The 2025 DORA State of AI-Assisted Software Development report, with ~5,000 respondents, offers the clearest indictment from within the measurement establishment itself. AI adoption jumped 14 points in a single year, hitting 90%. Throughput metrics improved. And yet instability remained elevated, and 30% of developers still reported little to no trust in the code AI generated. The report’s own conclusion: “Simple delivery metrics aren’t enough, they tell you what is happening but not why it’s happening.”
That sentence is DORA admitting that DORA metrics are insufficient. Worth pausing on.

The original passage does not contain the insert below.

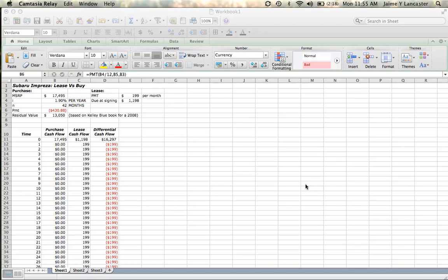Our first hands-on video is going to be related to Chapter 1, and we are going to look at how to change a couple of Excel's default settings to make it a little bit easier to work in your spreadsheets.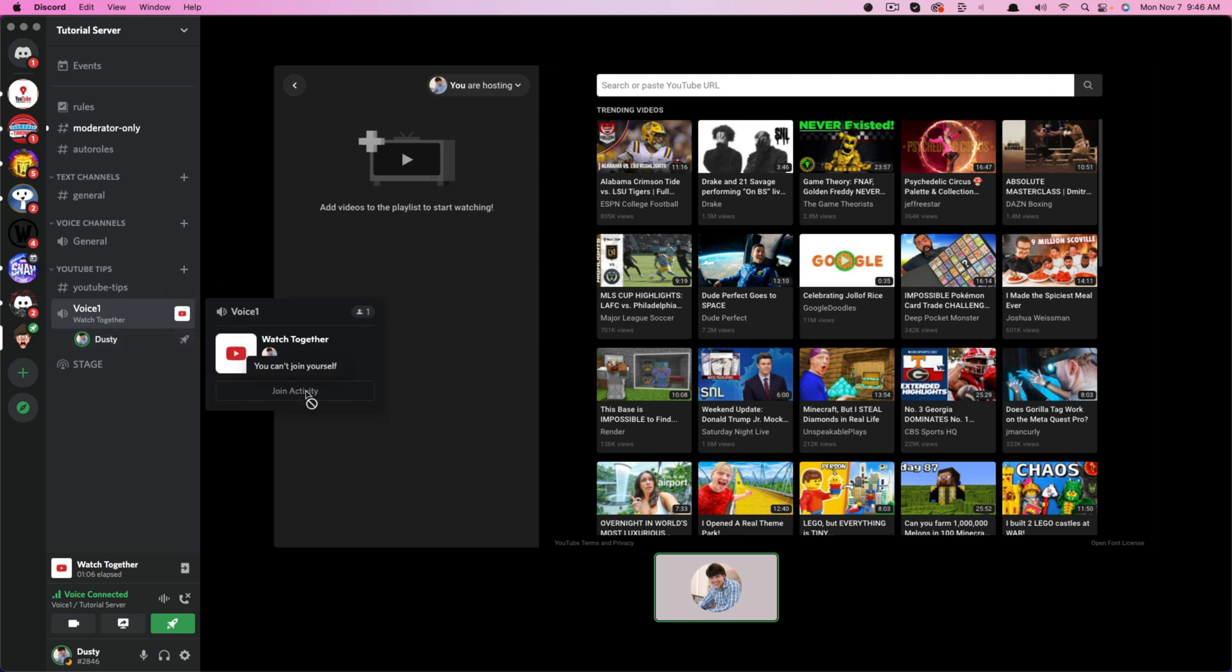But if they hover over that, they should see a button now that says join activity. And if they have the appropriate permission and role in the server, they should be able to join you in whatever activity you have started.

The report’s central reframe: AI is a mirror and a multiplier. It accelerates whatever the organization already is. High-functioning teams get faster. Dysfunctional teams get worse faster. If your measurement system only captures speed, you will not see the multiplier working against you until the damage is done.
Faros AI’s telemetry analysis of 10,000+ developers (July 2025) makes the paradox concrete. Teams with high AI adoption completed 21% more tasks and merged 98% more pull requests. PR review time went up 91%. Context switching went up 47%. Aggregate DORA metrics were flat or worse. The work did not disappear. It moved into review queues, into integration failures, into the places where human judgment is required to catch what the AI got wrong.

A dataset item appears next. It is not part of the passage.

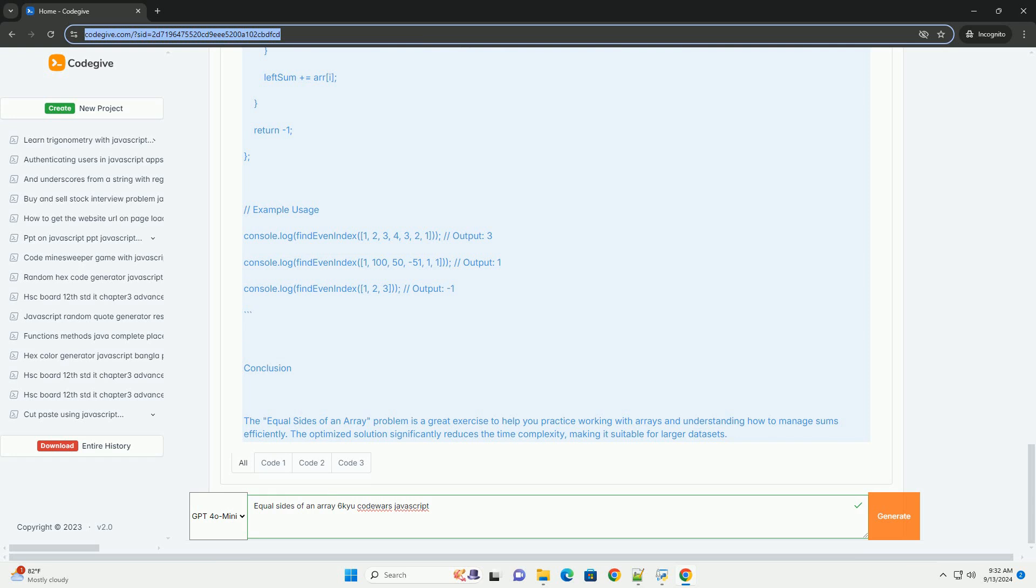If a suitable index exists, the function should return it; otherwise, it returns negative one. This task enhances skills in array manipulation and understanding of cumulative sums, making it a valuable exercise for JavaScript programmers looking to improve their algorithmic thinking.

More tasks. More PRs. More review burden. No improvement in delivery stability. That is not a productivity story. That is a judgment displacement story.
The Problem Is Measuring Outcomes Instead of Reasoning
The failure of activity metrics is well understood. The deeper problem is less discussed: even when teams do look beyond velocity, they almost always evaluate the outcome rather than the decision that produced it.
Annie Duke calls this “resulting.” The error is treating the quality of a decision as though it can be read from the quality of its outcome. A good decision can fail. A bad decision can succeed. If you only review wins and losses, you are training your team to be lucky, not good. Most retrospectives are structured backward, the outcome is already in the room when the reasoning is first examined.
This is not a process failure. It is a structural one. The outcome is known before the retrospective begins, and it shapes every interpretation that follows. The team that shipped the incident blames the wrong variable. The team that hit the deadline celebrates the wrong decision. Neither one gets better at deciding.
The research literature on agile retrospectives at scale is blunt about this. Studies find no standard measurement of whether retrospective outcomes were ever achieved. Teams run retrospectives, identify action items, and have no mechanism to return to them. The ritual exists. The learning is not guaranteed.
What the AI era demands is a shift from measuring what happened to measuring how the team reasoned before anyone knew what would happen.
What Good Decision-Making Actually Looks Like
Carl Spetzler’s decision quality framework, formalized in Decision Quality (Spetzler, Winter, Meyer, Wiley, 2016), gives the clearest structural answer to that question. A decision is only as strong as its weakest element across six dimensions:
- Appropriate frame - did the team define the right problem?
- Creative alternatives - did the team generate genuine options, or rationalize a predetermined answer?
- Relevant and reliable information - was the reasoning grounded, or overfit to available data?
- Clear values and trade-offs - did the team know what it was optimizing for?
- Sound reasoning - did the conclusion follow from the inputs?
- Commitment to action - was the decision actually made, not deferred?
This is the closest thing to a rubric for judgment. A team that consistently frames problems narrowly, skips alternatives, and calls the first reasonable answer “the decision” has a judgment problem that no velocity chart will surface. But a pre-decision review against these six elements would surface it immediately.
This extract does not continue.